If an emerging growth company, indicate by check mark if the registrant has elected not to use the extended transition period for complying with any new or revised financial accounting standards provided pursuant to Section 13(a) of the Exchange Act.

 

 

 

 

 

 

Item 1.01 Entry into a Material Definitive Agreement

 

On October 22, 2025, XCF Global, Inc. (the “Company”) entered into two separate promissory notes (the “Notes”) with two separate institutional lenders, each in the principal amount of $560,000, for an aggregate principal amount of $1,120,000 (individually, a “Note” and collectively, the “Notes”). Each Note includes an original issue discount of $60,000 resulting in net proceeds of $500,000 for each Note (or $1,000,000 in the aggregate).

 

The Notes bear no interest except upon an event of default, at which point interest accrues at 12% per annum on overdue amounts. The Notes mature three months from disbursement of the loan proceeds. Disbursement is conditioned upon the filing of a registration statement with the Securities and Exchange Commission registering shares of the Company’s common stock issuable under the Purchase Agreement dated May 30, 2025, with Helena Global Investment Opportunities 1 Ltd.

 

The Company is required to apply 50% of net proceeds from sales of common stock under the Purchase Agreement to repay the Notes on a pro rata basis. The Notes also contain mandatory prepayment provisions requiring immediate repayment using proceeds from any debt issuances other than permitted debt.

 

The Notes contain additional customary representations, warranties, affirmative and negative covenants, and events of default. The negative covenants include restrictions on incurring additional indebtedness (other than permitted debt) and creating liens on Company assets, subject to customary exceptions. The Notes include equal treatment provisions requiring proportionate treatment of both Notes with respect to amendments, waivers, and payments.

 

The foregoing descriptions of the Notes do not purport to be complete and are qualified in their entirety by the terms and conditions thereof, the forms of which are filed herewith as Exhibit 10.1 and 10.2 and are incorporated into this Item 1.01 by reference.

 

Item 2.03 Creation of a Direct Financial Obligation or an Obligation under an Off-Balance Sheet Arrangement of a Registrant

 

The information set forth in Item 1.01 of this Current Report on Form 8-K is incorporated by reference into this Item 2.03.

 

Item 9.01 Financial Statements and Exhibits.

 

  (d) Exhibits.

 

Exhibit No.   Description
10.1   Skyfall Promissory Note dated October 22, 2025
10.2   YBR Promissory Note dated October 22, 2025
104   Cover Page Interactive Data File (embedded within the Inline XBRL document).

 

2

 

 

SIGNATURE

 

Pursuant to the requirements of the Securities Exchange Act of 1934, the Registrant has duly caused this report to be signed on its behalf by the undersigned hereunto duly authorized.

 

  XCF GLOBAL, INC.
     
  By: /s/ Simon Oxley
  Name: Simon Oxley
  Title: Chief Financial Officer

 

Date: October 27, 2025

 

3

 

 

FAQ

What financing did XCF Global (SAFX) announce?

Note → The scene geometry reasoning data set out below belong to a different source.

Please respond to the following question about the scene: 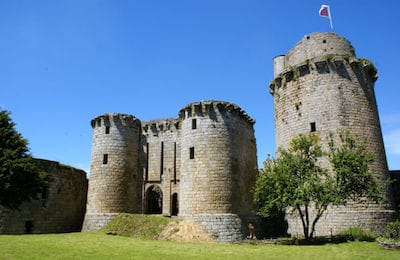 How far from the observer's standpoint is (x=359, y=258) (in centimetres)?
1287

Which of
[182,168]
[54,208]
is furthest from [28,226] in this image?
[182,168]

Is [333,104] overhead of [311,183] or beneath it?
overhead

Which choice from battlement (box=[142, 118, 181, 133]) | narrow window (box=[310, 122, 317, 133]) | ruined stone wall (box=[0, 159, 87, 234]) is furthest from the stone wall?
ruined stone wall (box=[0, 159, 87, 234])

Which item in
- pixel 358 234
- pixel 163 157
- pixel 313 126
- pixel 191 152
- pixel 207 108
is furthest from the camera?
pixel 163 157

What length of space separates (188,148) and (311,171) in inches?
353

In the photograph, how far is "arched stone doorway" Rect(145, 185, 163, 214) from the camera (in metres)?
28.1

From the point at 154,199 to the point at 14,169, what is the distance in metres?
12.3

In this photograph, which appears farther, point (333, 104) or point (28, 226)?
point (28, 226)

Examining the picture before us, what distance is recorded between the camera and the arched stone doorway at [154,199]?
28.1 m

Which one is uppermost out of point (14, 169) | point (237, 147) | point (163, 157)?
point (163, 157)

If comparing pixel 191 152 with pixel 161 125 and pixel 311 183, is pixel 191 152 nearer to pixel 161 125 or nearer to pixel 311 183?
pixel 161 125

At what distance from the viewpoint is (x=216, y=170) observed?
869 inches

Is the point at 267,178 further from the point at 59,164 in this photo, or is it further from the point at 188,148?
the point at 59,164

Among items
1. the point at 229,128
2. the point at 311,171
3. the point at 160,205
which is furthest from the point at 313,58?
the point at 160,205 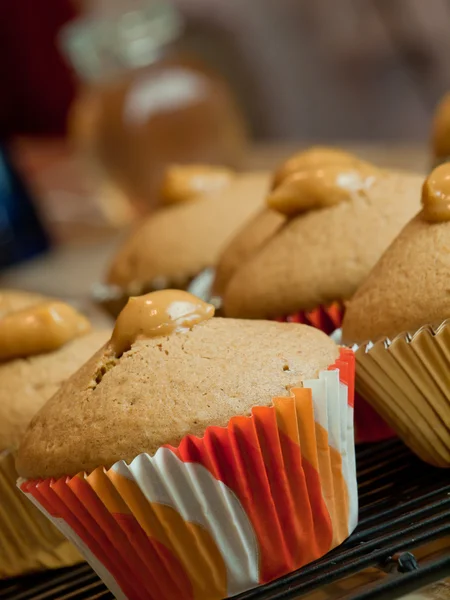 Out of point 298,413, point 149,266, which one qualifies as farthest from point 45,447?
point 149,266

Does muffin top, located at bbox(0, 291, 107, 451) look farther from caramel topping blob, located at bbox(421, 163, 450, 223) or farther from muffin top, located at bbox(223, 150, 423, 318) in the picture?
caramel topping blob, located at bbox(421, 163, 450, 223)

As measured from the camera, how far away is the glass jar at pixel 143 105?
312 centimetres

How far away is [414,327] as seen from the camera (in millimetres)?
1168

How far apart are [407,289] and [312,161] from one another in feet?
1.37

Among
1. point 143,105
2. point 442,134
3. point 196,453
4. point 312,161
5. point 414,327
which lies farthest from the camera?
point 143,105

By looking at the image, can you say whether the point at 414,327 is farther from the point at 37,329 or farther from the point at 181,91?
the point at 181,91

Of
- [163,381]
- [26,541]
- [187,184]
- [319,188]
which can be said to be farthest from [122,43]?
[163,381]

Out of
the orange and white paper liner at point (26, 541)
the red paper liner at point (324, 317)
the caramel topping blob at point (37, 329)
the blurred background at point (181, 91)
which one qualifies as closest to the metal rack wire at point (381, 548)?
the orange and white paper liner at point (26, 541)

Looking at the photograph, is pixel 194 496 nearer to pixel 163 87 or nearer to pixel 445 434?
pixel 445 434

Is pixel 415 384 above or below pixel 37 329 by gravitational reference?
below

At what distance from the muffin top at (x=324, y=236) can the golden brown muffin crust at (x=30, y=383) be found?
0.94ft

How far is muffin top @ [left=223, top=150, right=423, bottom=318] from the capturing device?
1.40 meters

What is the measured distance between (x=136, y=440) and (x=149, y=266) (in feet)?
3.04

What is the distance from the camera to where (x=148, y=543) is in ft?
3.62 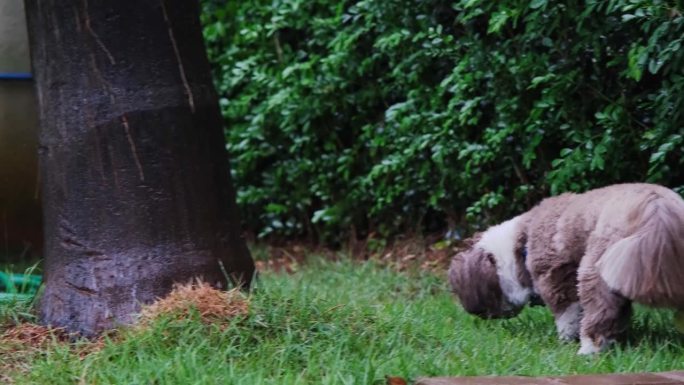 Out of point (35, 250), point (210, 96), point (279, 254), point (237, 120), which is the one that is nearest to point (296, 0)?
point (237, 120)

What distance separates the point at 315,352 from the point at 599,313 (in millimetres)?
1602

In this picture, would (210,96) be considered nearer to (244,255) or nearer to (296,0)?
(244,255)

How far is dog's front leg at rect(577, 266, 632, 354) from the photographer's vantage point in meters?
5.45

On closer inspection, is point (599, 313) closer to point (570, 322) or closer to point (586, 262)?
point (586, 262)

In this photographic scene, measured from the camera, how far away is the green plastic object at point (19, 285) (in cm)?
599

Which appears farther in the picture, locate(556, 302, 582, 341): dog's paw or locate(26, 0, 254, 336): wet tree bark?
locate(556, 302, 582, 341): dog's paw

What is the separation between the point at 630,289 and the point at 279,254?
5.49m

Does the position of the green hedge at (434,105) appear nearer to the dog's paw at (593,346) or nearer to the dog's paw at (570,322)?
the dog's paw at (570,322)

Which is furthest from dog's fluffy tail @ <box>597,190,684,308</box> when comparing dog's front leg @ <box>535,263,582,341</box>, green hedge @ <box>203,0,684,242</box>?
green hedge @ <box>203,0,684,242</box>

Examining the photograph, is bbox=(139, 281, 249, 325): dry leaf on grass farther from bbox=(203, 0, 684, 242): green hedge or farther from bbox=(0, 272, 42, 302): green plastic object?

The company entered two promissory notes with institutional lenders, each at $560,000 principal, for an aggregate of $1,120,000.

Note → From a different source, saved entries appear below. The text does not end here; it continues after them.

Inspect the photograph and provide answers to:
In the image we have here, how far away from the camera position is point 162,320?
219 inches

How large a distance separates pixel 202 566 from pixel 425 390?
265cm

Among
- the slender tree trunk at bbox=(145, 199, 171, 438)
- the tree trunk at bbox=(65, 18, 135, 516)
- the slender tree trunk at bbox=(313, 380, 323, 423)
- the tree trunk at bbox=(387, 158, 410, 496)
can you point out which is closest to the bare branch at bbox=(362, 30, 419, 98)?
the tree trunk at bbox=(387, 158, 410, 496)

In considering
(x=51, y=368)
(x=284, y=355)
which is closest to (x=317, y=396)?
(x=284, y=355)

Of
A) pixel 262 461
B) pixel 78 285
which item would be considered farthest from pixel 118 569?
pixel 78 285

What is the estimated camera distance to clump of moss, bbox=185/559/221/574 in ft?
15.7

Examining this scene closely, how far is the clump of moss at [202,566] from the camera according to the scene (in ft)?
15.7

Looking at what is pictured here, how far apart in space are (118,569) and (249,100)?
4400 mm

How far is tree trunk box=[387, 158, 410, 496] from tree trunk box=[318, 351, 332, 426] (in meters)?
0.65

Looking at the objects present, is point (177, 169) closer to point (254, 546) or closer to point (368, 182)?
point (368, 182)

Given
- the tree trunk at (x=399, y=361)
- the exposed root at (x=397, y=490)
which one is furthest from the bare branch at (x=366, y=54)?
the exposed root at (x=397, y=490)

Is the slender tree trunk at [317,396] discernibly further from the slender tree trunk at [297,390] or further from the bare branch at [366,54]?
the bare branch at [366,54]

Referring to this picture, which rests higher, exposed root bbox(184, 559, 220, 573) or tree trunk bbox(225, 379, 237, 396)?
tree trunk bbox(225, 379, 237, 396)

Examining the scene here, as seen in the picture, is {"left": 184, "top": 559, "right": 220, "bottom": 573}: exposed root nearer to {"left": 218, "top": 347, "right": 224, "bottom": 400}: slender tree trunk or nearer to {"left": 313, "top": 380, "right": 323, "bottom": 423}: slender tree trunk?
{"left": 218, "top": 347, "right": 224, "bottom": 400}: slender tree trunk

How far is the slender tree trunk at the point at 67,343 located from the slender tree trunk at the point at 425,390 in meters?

How much cash will XCF Global receive from the notes?

Each note includes a $60,000 original issue discount, resulting in $1,000,000 aggregate net proceeds.

What are the interest and maturity terms of the notes?

They bear no interest unless in default, when overdue amounts accrue at 12% per annum, and mature three months from disbursement.

What conditions must be met before disbursement?

Disbursement requires filing a registration statement registering shares issuable under the May 30, 2025 Purchase Agreement with Helena Global Investment Opportunities 1 Ltd.

How will the notes be repaid?

The company must apply 50% of net proceeds from common stock sales under the Purchase Agreement to repay the notes pro rata, with mandatory prepayment from non‑permitted debt proceeds.

Do the notes include covenants or other protections?

Yes. They include customary representations, warranties, affirmative and negative covenants limiting additional indebtedness and liens, and equal treatment provisions.